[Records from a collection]
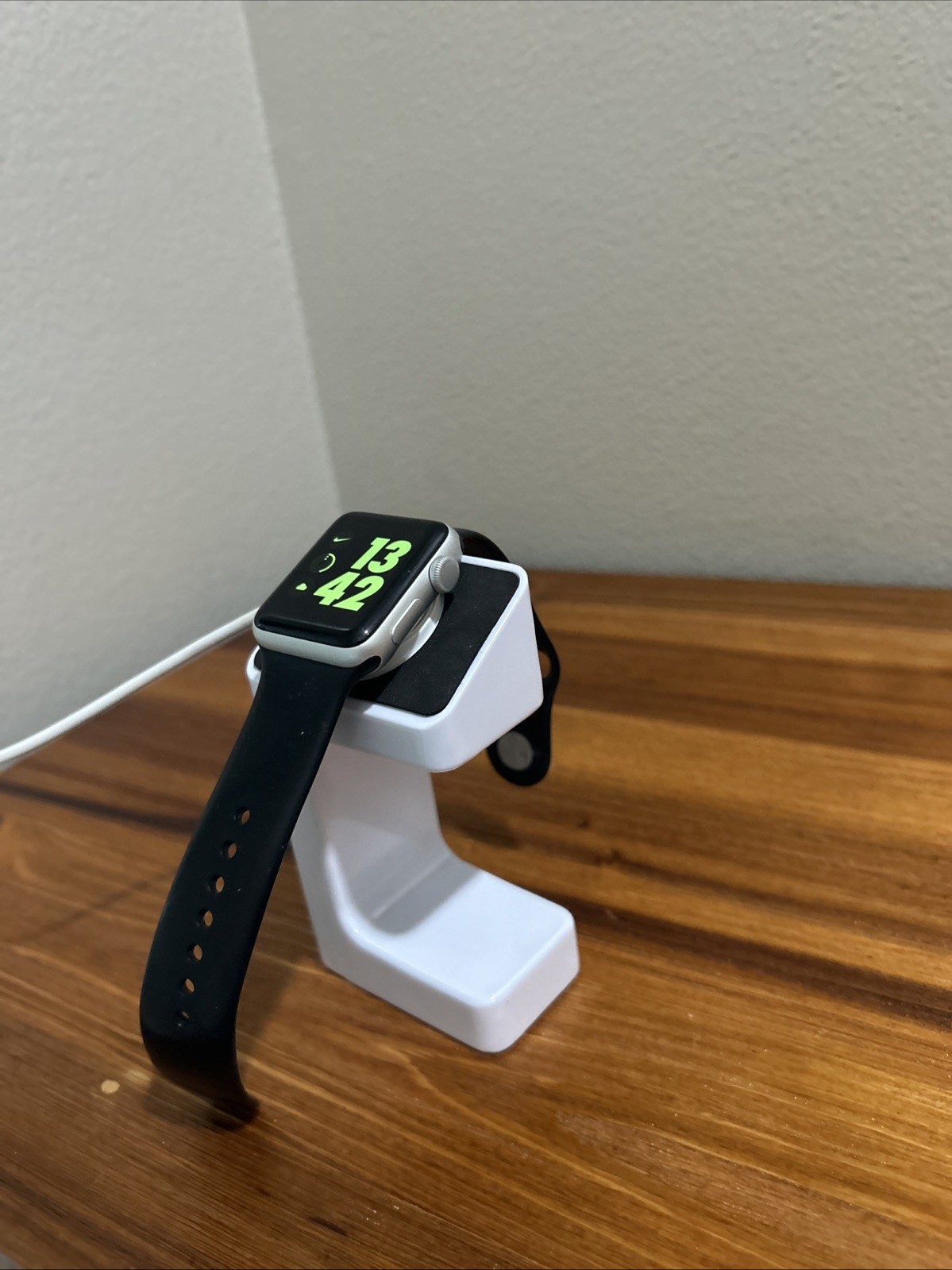 Apple Watch SERIES 2 A1757 It Comes With Stand And Accessory’s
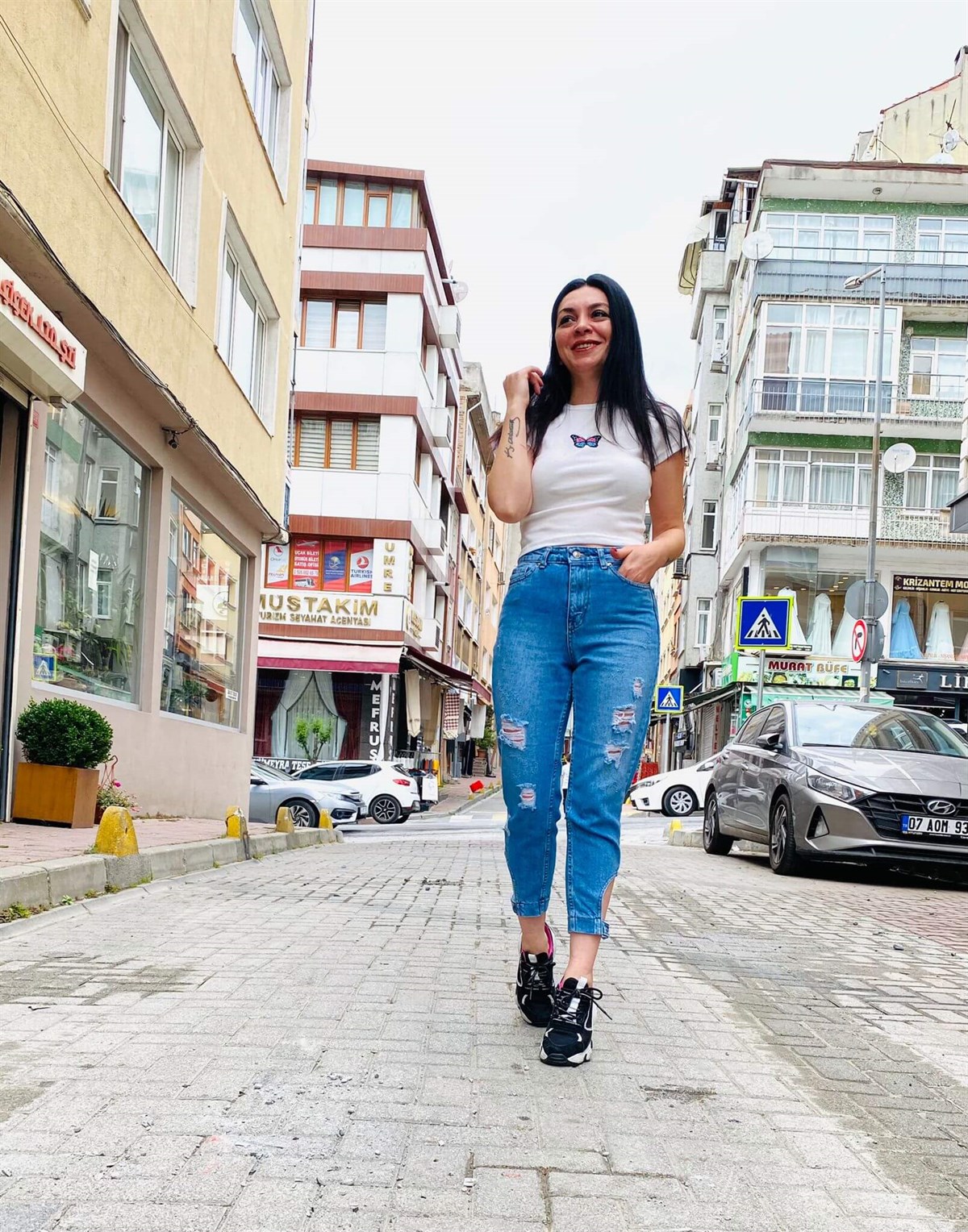 Paça Ayarlanabilir Kemer Detaylı Mavi Yırtık Mom Jean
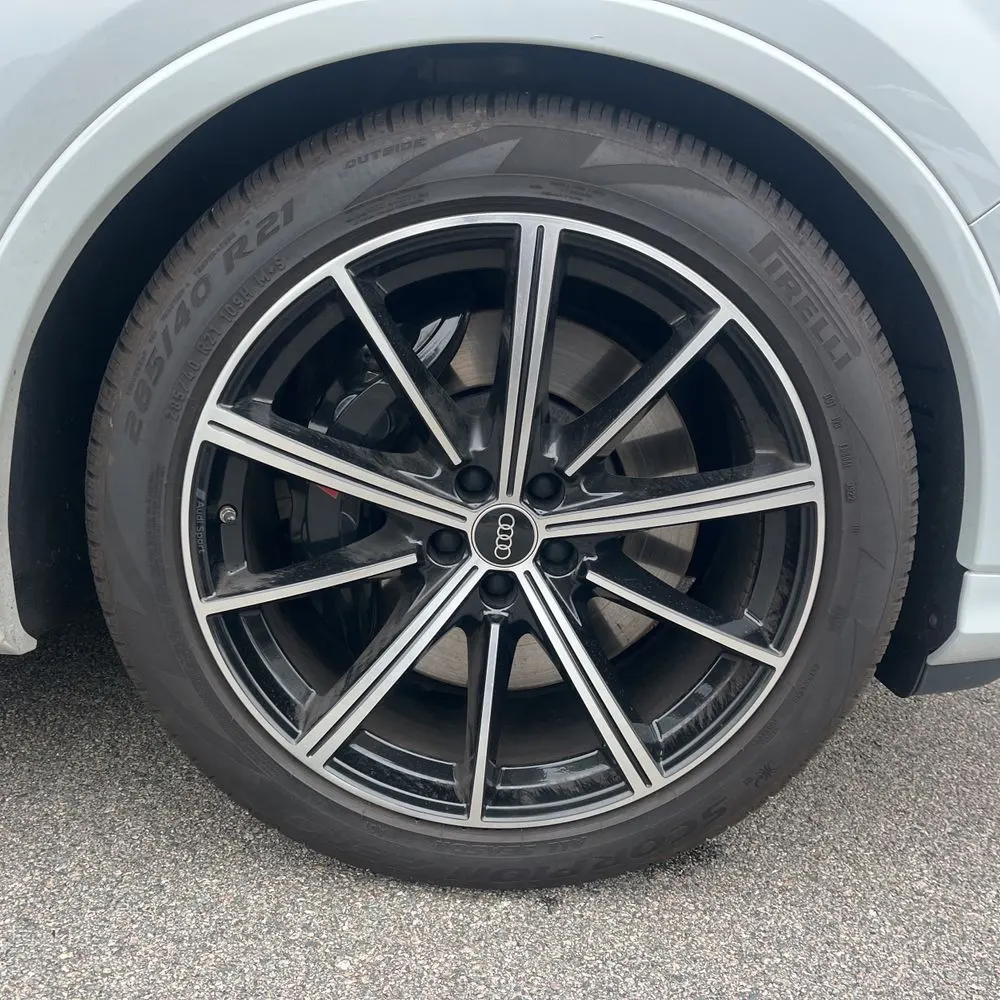 2023 Audi SQ7 Premium Plus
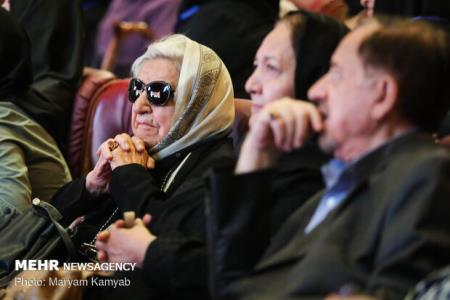 چگونه از سلامت روان سالمندان در مقابل كرونا مراقبت نماییم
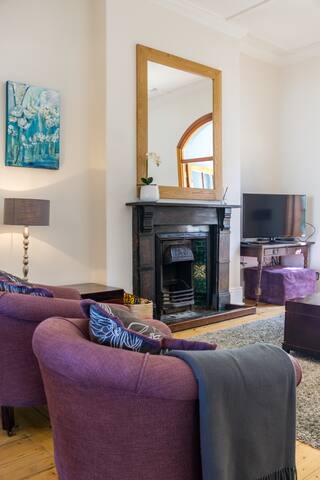 Distinctive, Modern Cottage with Terrace Pool gallery image 5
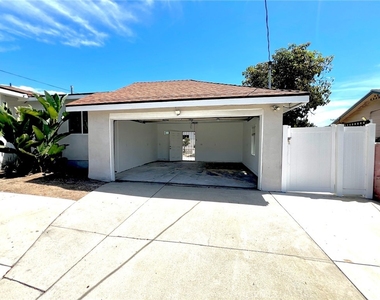 6628 N Golden West - Photo Thumbnail 28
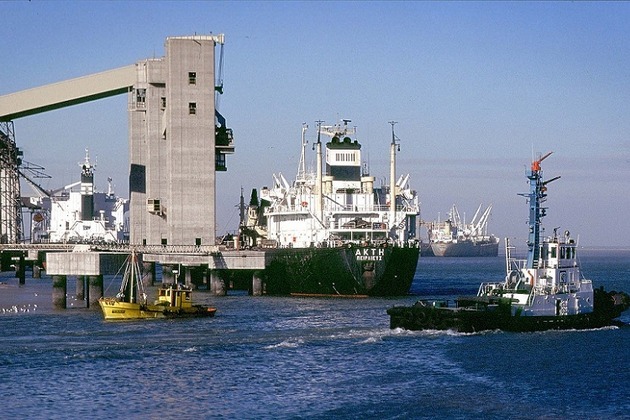 Ban welcomes steps by UN maritime agency to limit carbon emissions from international shipping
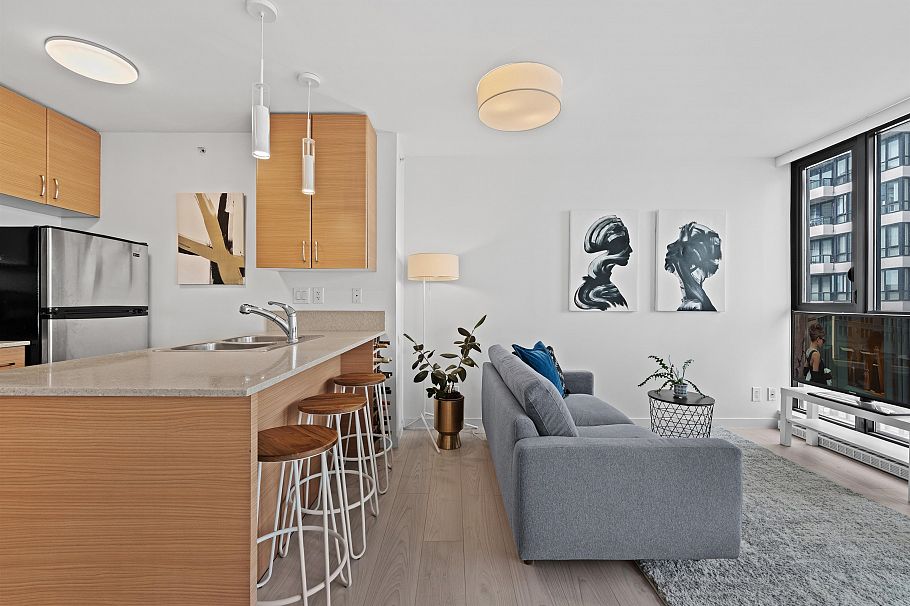 2408 909 Mainland Street Vancouver, BC - 8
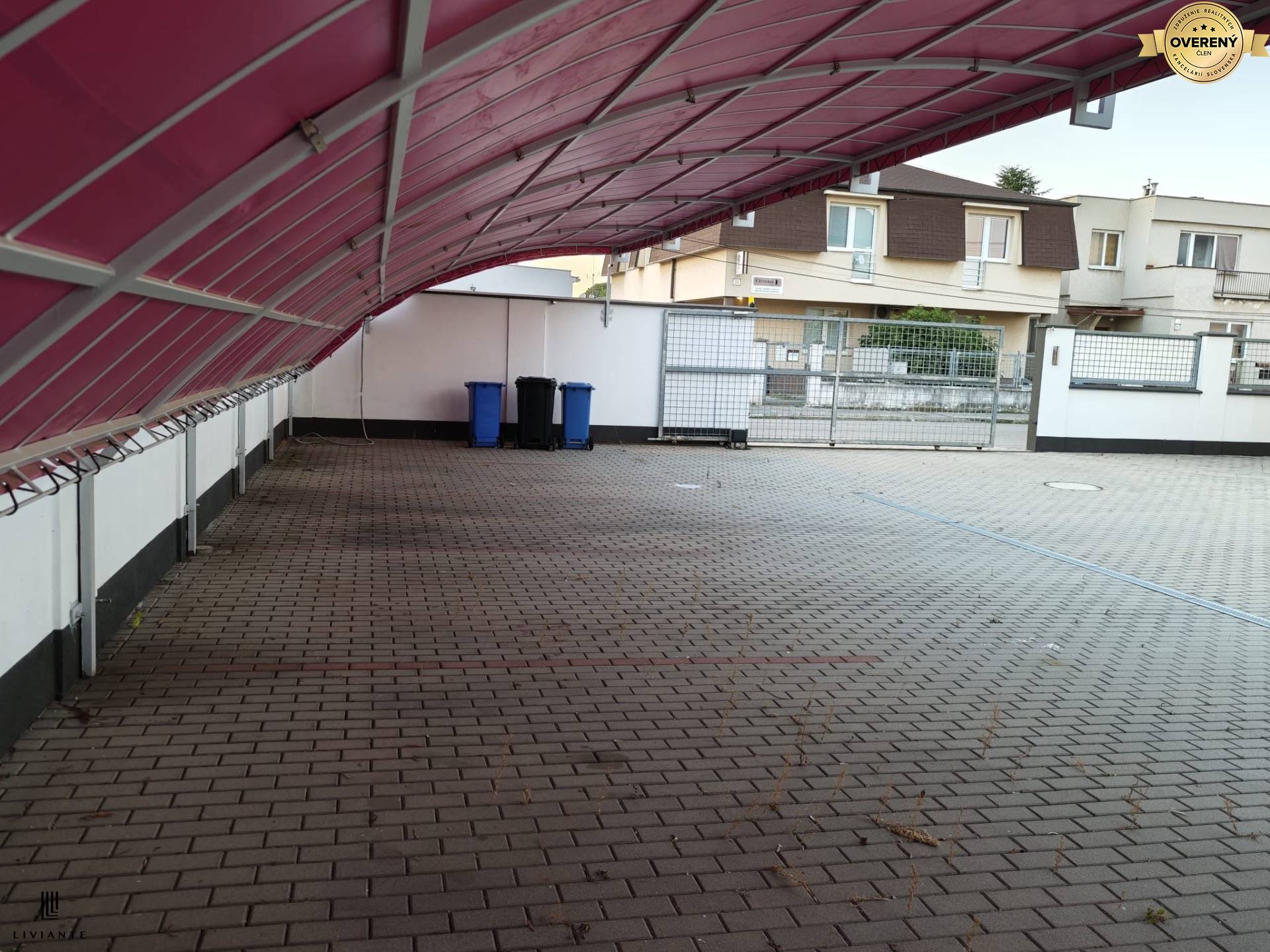 Odbojarska 33_Trnava.JPG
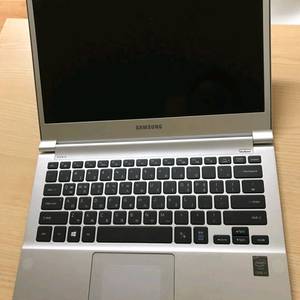 삼성 슬림형 고성능 메탈 실버 노트북 판매_부산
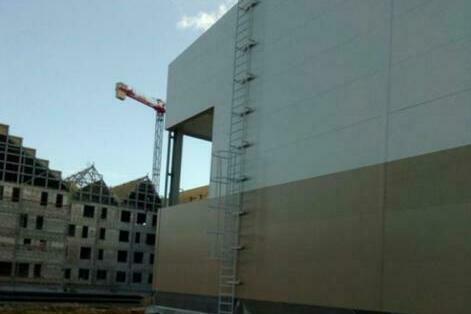 Противопожарная лестница с защитным экраном на спортзале Нахимовского училища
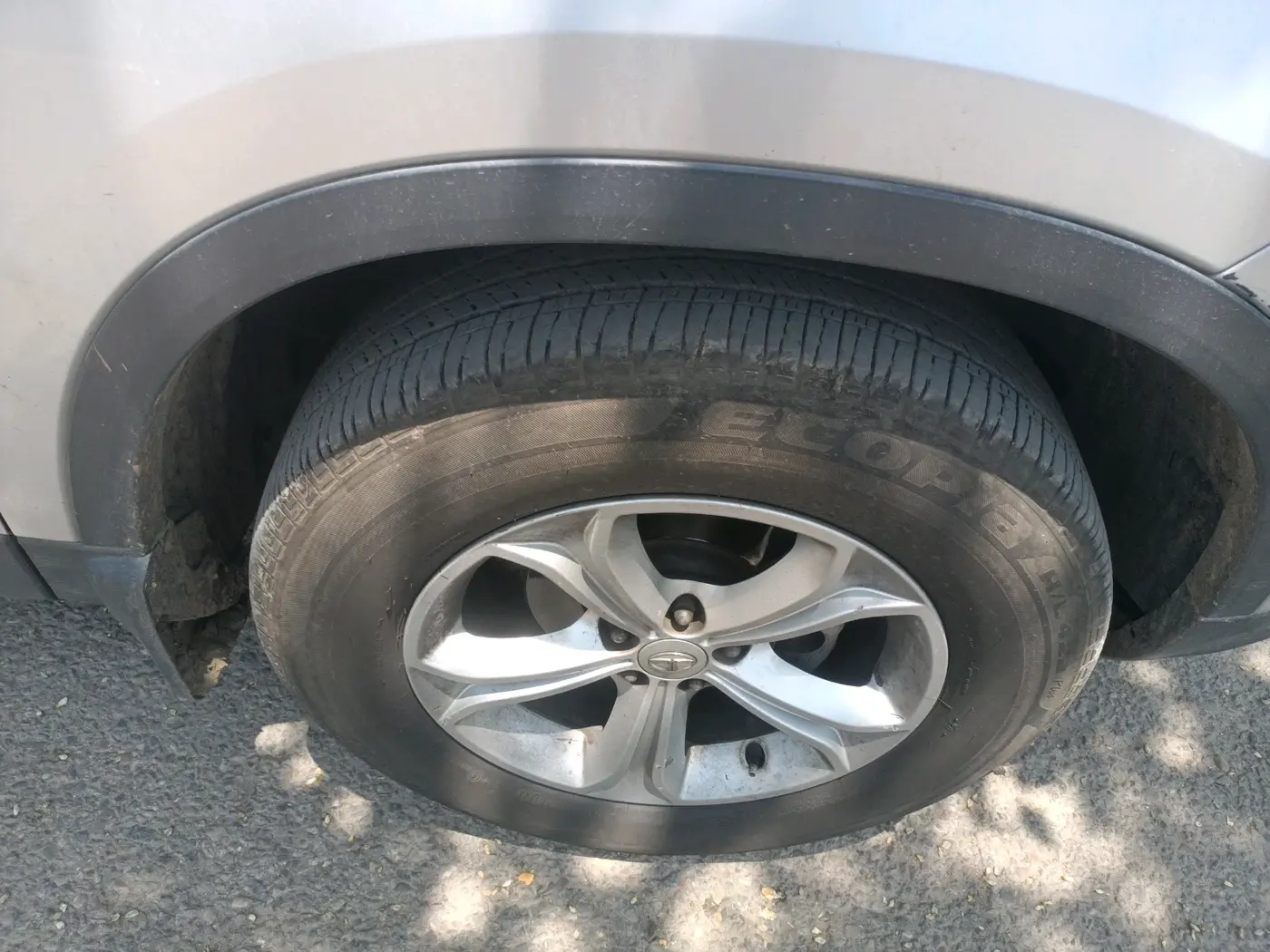 2019 Tata Harrier XT 2.0L KRYOTEC, Diesel, Manual, 1,60,037 km, tyre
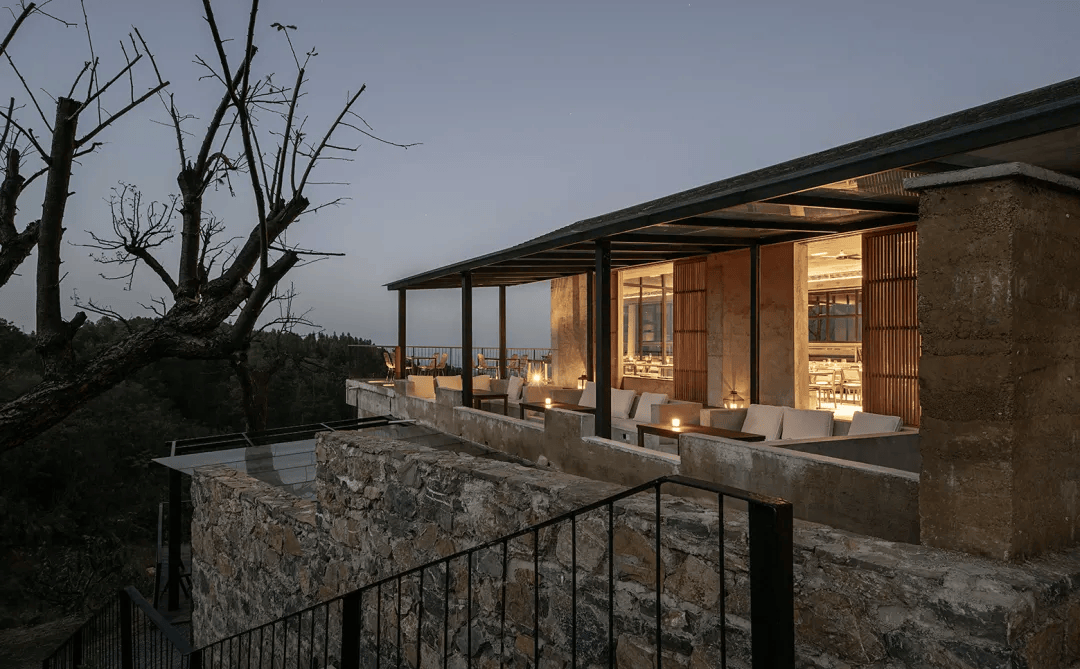 8个网红"悬崖民宿" ,超级出圈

## Task goal
Reproduce the lines of the data that run from the one containing "Odbojarska 33_Trnava.JPG" to the final line, both included, exactly as they appear and without the pictures.

## Output for this exercise
 Odbojarska 33_Trnava.JPG
 삼성 슬림형 고성능 메탈 실버 노트북 판매_부산
 Противопожарная лестница с защитным экраном на спортзале Нахимовского училища
 2019 Tata Harrier XT 2.0L KRYOTEC, Diesel, Manual, 1,60,037 km, tyre
 8个网红"悬崖民宿" ,超级出圈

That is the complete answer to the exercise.